Simplicity and Significance in Observability

This article was originally posted in 2020 on the OpenSignals website, which is now defunct.

System Complexity

Over the last few years, complexity has risen within the computing infrastructure, especially with the movement to a finer granularity in deployment units. We’ve seen some companies adopt microservices so enthusiastically that what was once primarily considered a monolith is now broken up into hundreds, even thousands, of pieces of execution units that are connected by and large. One might naively expect that the tools and approaches employed should have done likewise. We believe this was, and still is, a grave misconception.

Wrestling with Data

As computing and complexity scaled up, the models and methods should have reduced and simplified the communication and control surface area between man and machine. Instead, monitoring (passive) and management (reactive) solutions have lazily reflected the complexity’s nature at a level devoid of simplicity and significance but instead polluted with noise.

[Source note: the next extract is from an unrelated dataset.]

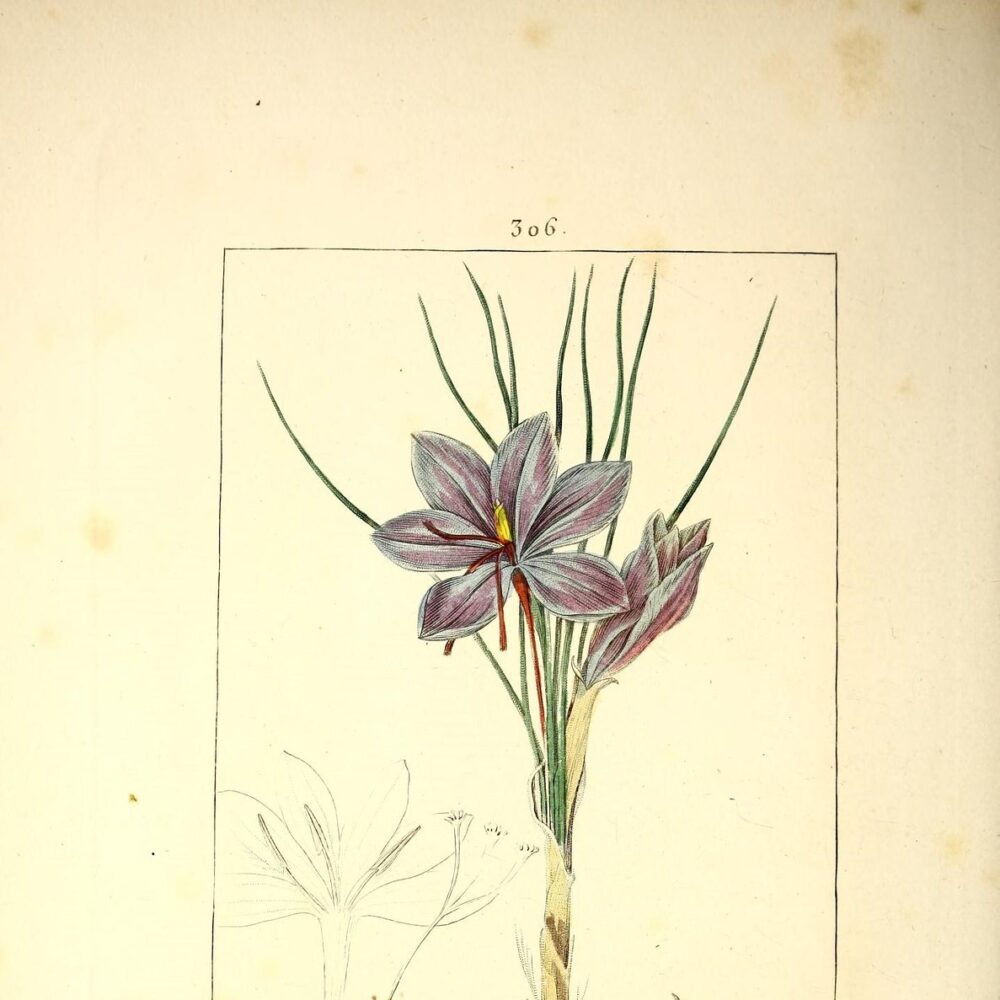 Saffron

Today, engineering teams are far too busy wrestling with and wandering around an ever-expanding data fog of metrics, logs, and distributed tracing. Fearful of the complexity, many engineering teams worry over their ability to collect, store, and analyze more and more data and details – but never to question and reflect on the effectiveness of such.

Firefighting with Fire

One could very well argue that complexity has been replaced with complicated. We are not understanding or solving the complexity problem; we are just attending to and acting on another problem because it feels much more familiar than today’s changing world.

There is seeing but no perceiving. There is doing but no direction. There is collection but no cognition.

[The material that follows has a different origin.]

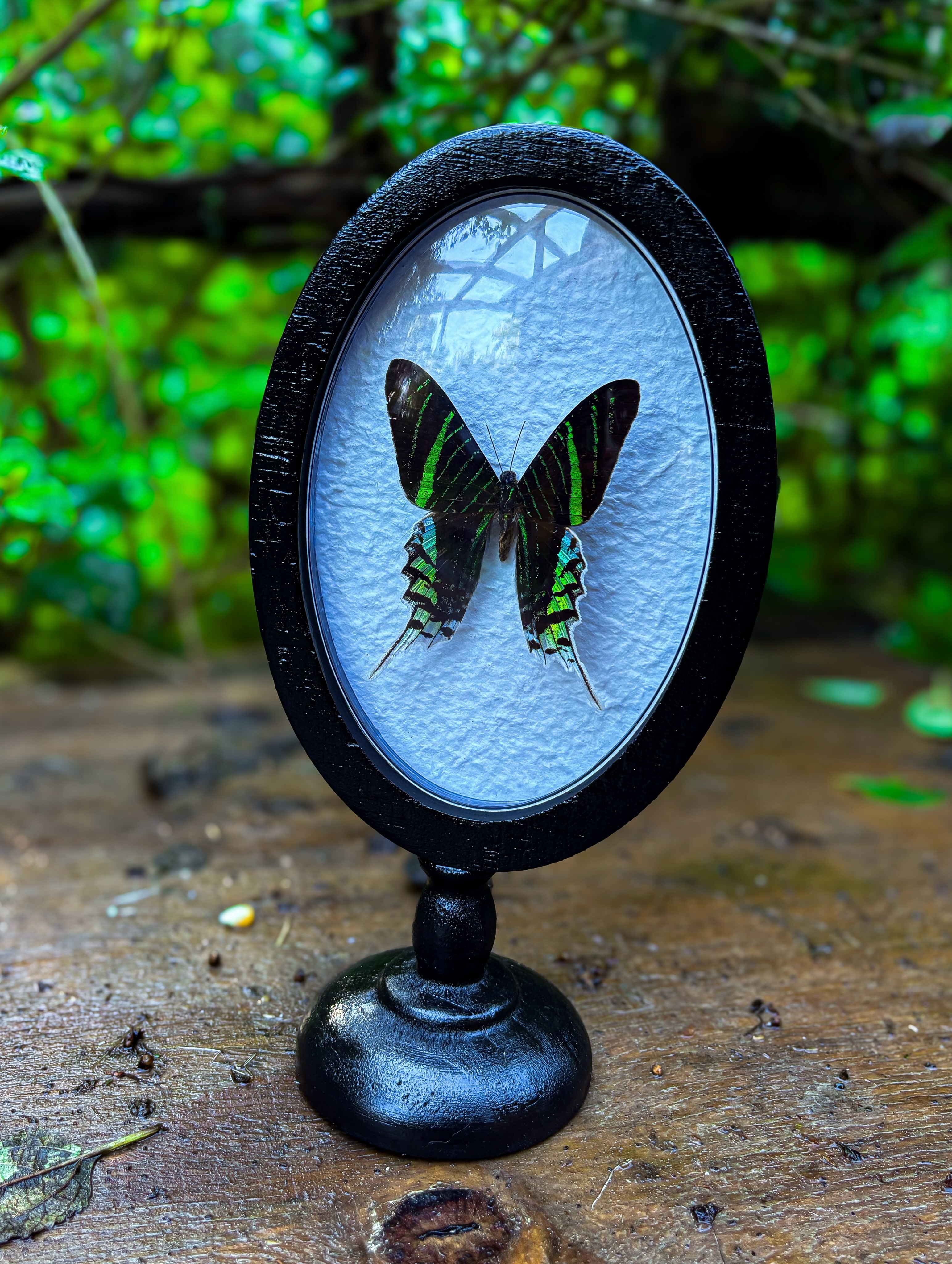 Macy — A green-banded Urania specimen in a black standing frame.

Application monitoring and management solutions are far more complicated than needed.

A Single Pane (of Pain)

That single pane of glass many vendors talk up consists of hundreds of layers, tabs, views, charts, and navigation aids. It has become such a sorry tale that some vendors have created an onboarding experience that consists of a game leading users through a path to some golden nugget of information. The problem is that the data is detached from the service domain and systems dynamics unless one is a machine. This is a temporary band-aid for a far more troubling problem where data is valued over information and valuable models.

Imitating Intelligence

The Humainary initiative aims to bring simplicity and significance back into monitoring, observability, controllability, and management. The basic idea is pretty simple, as are many practical innovations: see, perceive, model, and reason about the computing world of microservices, much like how humans do so within societies and cultures consisting of multiple agents of offered services.

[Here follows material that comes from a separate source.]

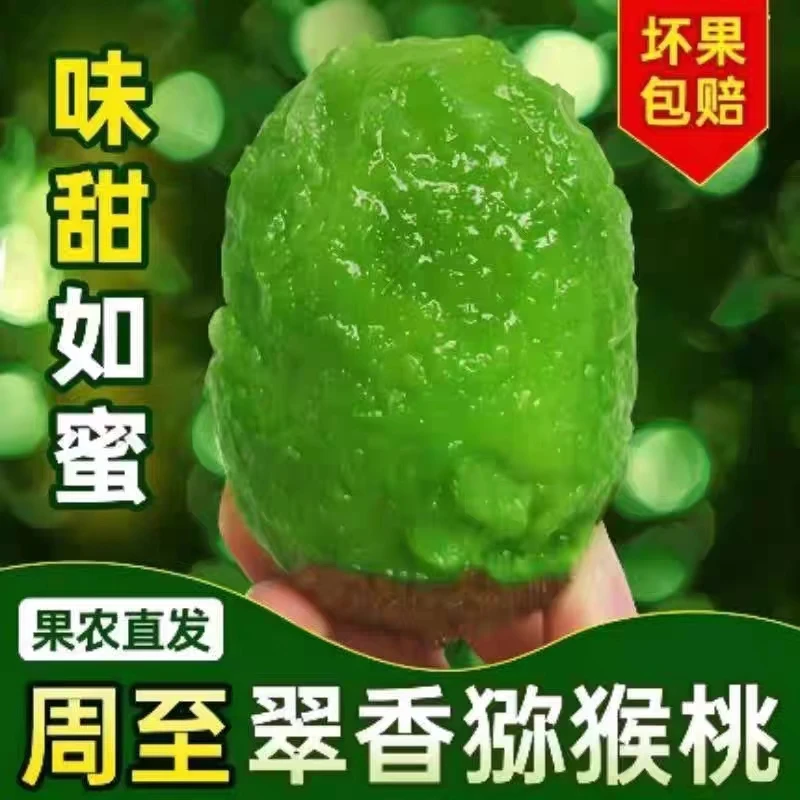 【放软食用】陕西周至正宗翠香猕猴桃新鲜现摘现发水果香甜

Communication and Cooperation

We find signals and inferred states at the heart of all human (and animal) communication and coordination. Signals are emitted or received. Signals indicate operations or outcomes – signs and traces of the past and a sliver of the present. Signals influence others and, over time, infer the state of others and ourselves on reflection. A signal is a direct and meaningful unit of information within a (social) context, much like an emoji. It is not a message that needs to be introspected in part and then interpreted. Humans emit and receive signals via body language and vocalization in any interaction and what is physically passed and contextually communicated.

Signal processing and transmission are paramount to practical cooperation and coordination. But the signals are just a means to an end, and that end is the assessment of ourselves and others – state inference.

Framing and Focusing

When it comes to monitoring environments, the focus and frame of reference should always be on the status of the operation of a service from the perspective of each other service that interacts with that service. An assessment of service quality should not be based on what a service tells us by way of published metrics – this misses the point that no service exists in isolation anymore within a network of high interconnectivity. Instead, an assessment should reflect how other services perceive a service through signals and the inference to a state, which can differ depending on the sensitivity to each service’s signals. Sensitivity manifests in the different weighting of signals and the decay rate of memories each service is configured for.

Representing Reality

Humainary brings simplicity and sensibility by way of a focus on what is effective and of significance to the vast majority of service management attention – what is the status of this service, this cluster (of services), or this system (of services)? The conceptual model and language (terms) are small, and the processing sequence is straightforward – a service creates a context representing the world. Within this context, the service is represented alongside the other services it interacts with. In the interaction, the service owning the context, acting like a mind or model, records signals against the representations of itself and the other services.

Signaling and Synthesizing

The recorded signals are then scored based on the configuration used to create the context and mapped to a status bucket for each possible status value per service represented. The scoring card will tally each bucket and make a generalized assessment of service with some decaying mechanism in play, much like a human memory system works. The context can transmit the status changes to other interested observers through a plugin, where collective intelligence can manifest in additional aggregation, ranking, weighting, etc.